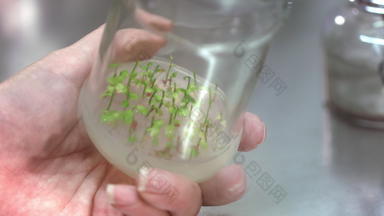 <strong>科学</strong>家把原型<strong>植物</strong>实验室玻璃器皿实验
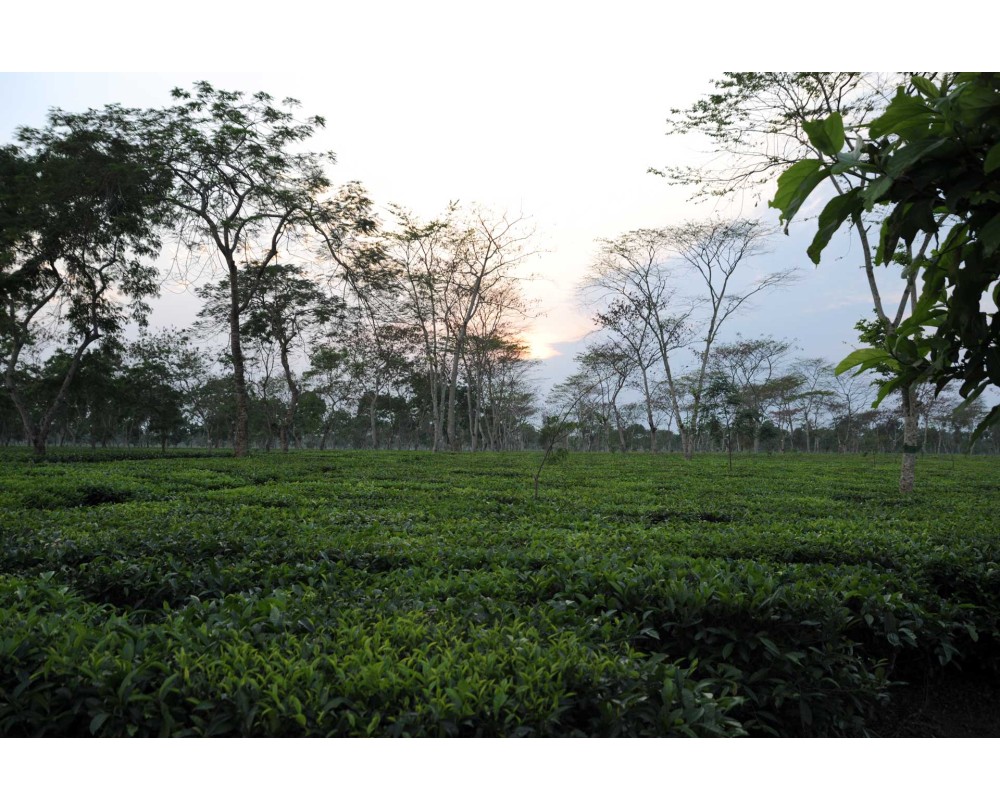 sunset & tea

--

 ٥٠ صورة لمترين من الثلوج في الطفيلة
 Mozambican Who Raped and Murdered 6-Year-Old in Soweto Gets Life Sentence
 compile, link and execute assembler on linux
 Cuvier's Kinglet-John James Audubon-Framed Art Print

==

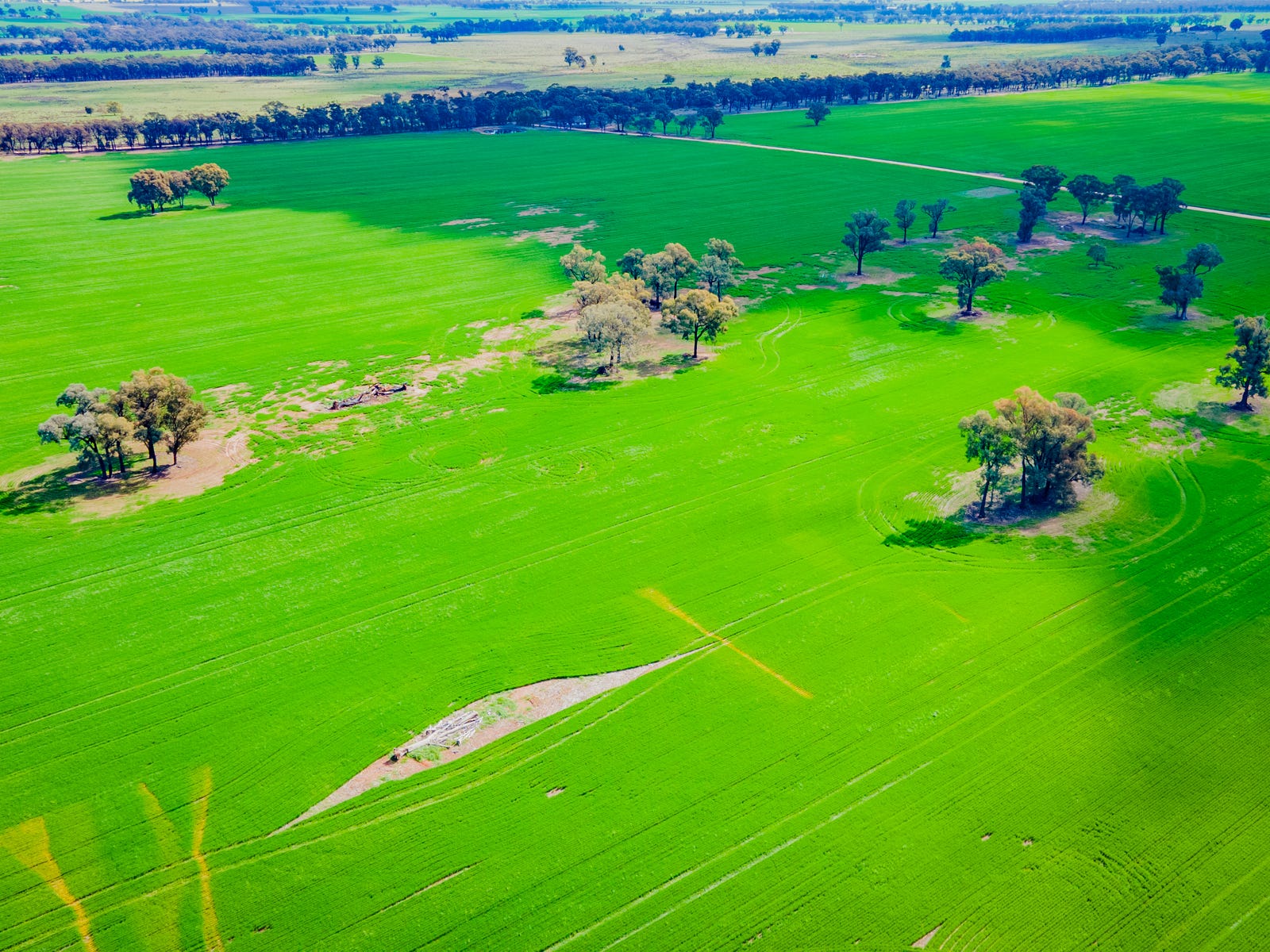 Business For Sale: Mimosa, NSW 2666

## [ACTION ITEM]
For this exercise, repeat exactly the lines of the data above from the one with "Mozambican Who Raped" down to the one with "Cuvier's Kinglet-John James", both end lines included.

## [EXPECTED ANSWER]
 Mozambican Who Raped and Murdered 6-Year-Old in Soweto Gets Life Sentence
 compile, link and execute assembler on linux
 Cuvier's Kinglet-John James Audubon-Framed Art Print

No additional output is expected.